Check Your Withholding Status at IRS.gov
The Internal Revenue Service encourages taxpayers to take a few minutes to check their withholding to make sure what is being taken out of their paychecks matches their projected taxes. If not enough is withheld; individuals will owe tax at the end of the year and may, in some cases, have to pay a penalty. If too much tax is withheld, they will lose the use of this money until they get their refund.
Individuals should check their withholding if there are significant personal or financial changes in their life. Many of these changes involve the addition or reduction of exemptions or a change in filing status that alters the tax liability, even if there has been no change in income.
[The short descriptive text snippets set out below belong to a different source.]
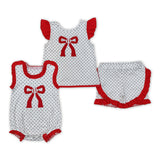 Baseball Bow Polka Dots Girls Summer Romper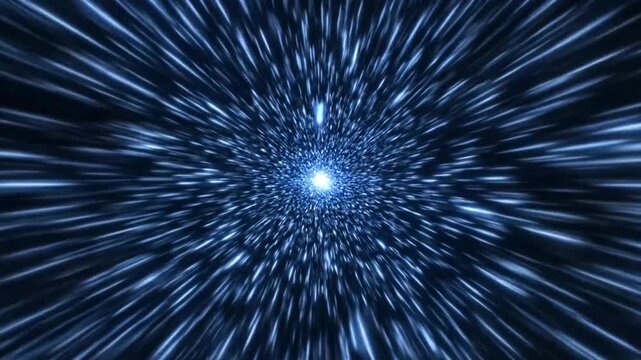 Light streaks accelerate towards a central point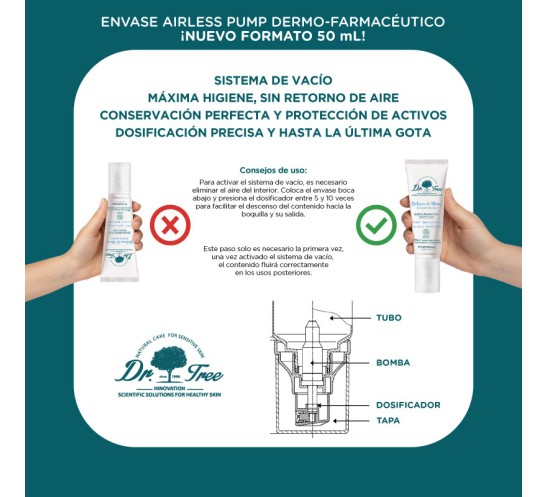 bálsamo de manos de Dr.Tree  envase airless pump
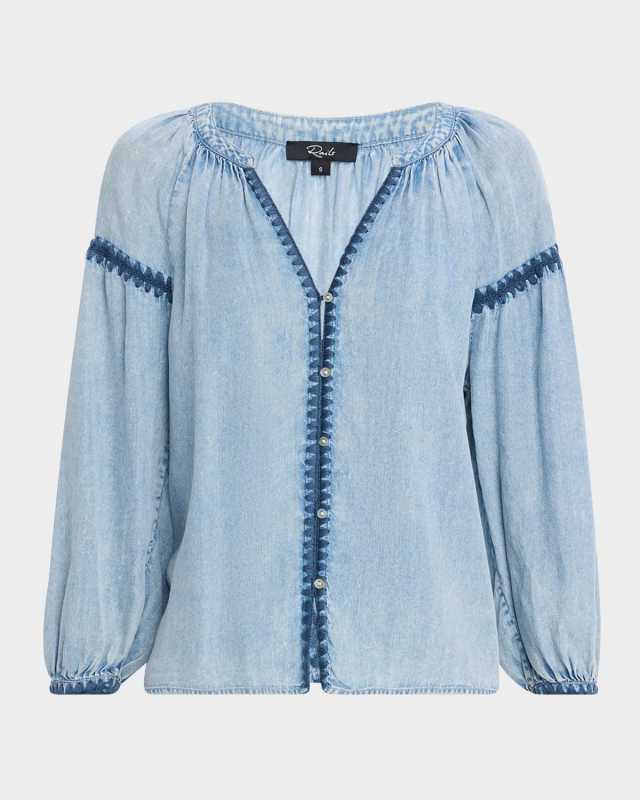 Toshi Embroidered Chambray Blouse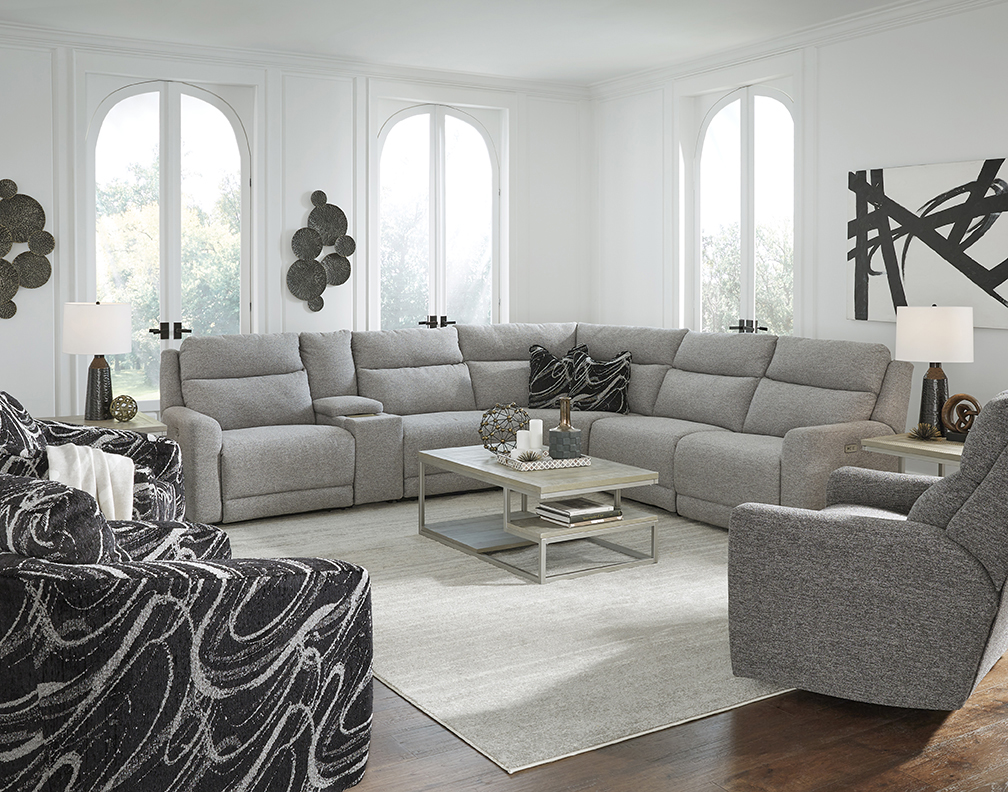 Reclining sectional sofa with store massage and heat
These changes include: marriage, divorce, birth or adoption of a child, purchase or sale of a new home, or retirement.
Other changes that can alter the amount that needs to be withheld include taking a second job, having a spouse go back to work, or receiving income not subject to withholding, such as rent, dividends, interest, or capital gains.
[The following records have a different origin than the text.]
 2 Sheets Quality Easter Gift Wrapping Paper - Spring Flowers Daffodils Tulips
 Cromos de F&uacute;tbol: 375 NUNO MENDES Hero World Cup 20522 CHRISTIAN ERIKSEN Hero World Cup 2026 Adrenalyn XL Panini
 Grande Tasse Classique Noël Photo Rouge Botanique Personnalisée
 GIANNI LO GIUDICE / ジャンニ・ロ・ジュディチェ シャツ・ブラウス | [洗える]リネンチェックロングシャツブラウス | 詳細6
On-line assistance is available by clicking "IRS Withholding Calculator" on the “Individuals” page. With the help of current pay stubs and a copy of last year’s tax form, users can check to see if they are withholding the right amount. Information from this automated calculator can then be used to revise a W-4 with your employer.
Maintain Good Tax Records
You can avoid headaches at tax time by keeping track of your receipts and other records throughout the year. Good recordkeeping will help you remember the various transactions you made during the year, which in turn may make filing your return a less taxing experience. Remember, good recordkeeping will ensure you do not miss out on any tax deductions. Publication 552 will help you in knowing what records you need.
The IRS reminds taxpayers not to become a victim of e-mail scams, referred to as phishing scams. Recipients of questionable e-mails claiming to come from the IRS should not open any attachments or click on any links contained in the e-mails. Instead, they should forward the e-mails to mailto:email@example.com. Remember, the IRS does not send unsolicited e-mails to taxpayers.
Visit IRS.gov Web site
IRS.gov provides a wealth of information. You can access tax forms and publications; learn about electronic filing; check the status of your refund; c alculate the amount of withholding on your W-4; and, request an online payment agreement. You can even get information about a career with the IRS.
Best of all, you can access IRS.gov 24 hours a day, 7 days a week.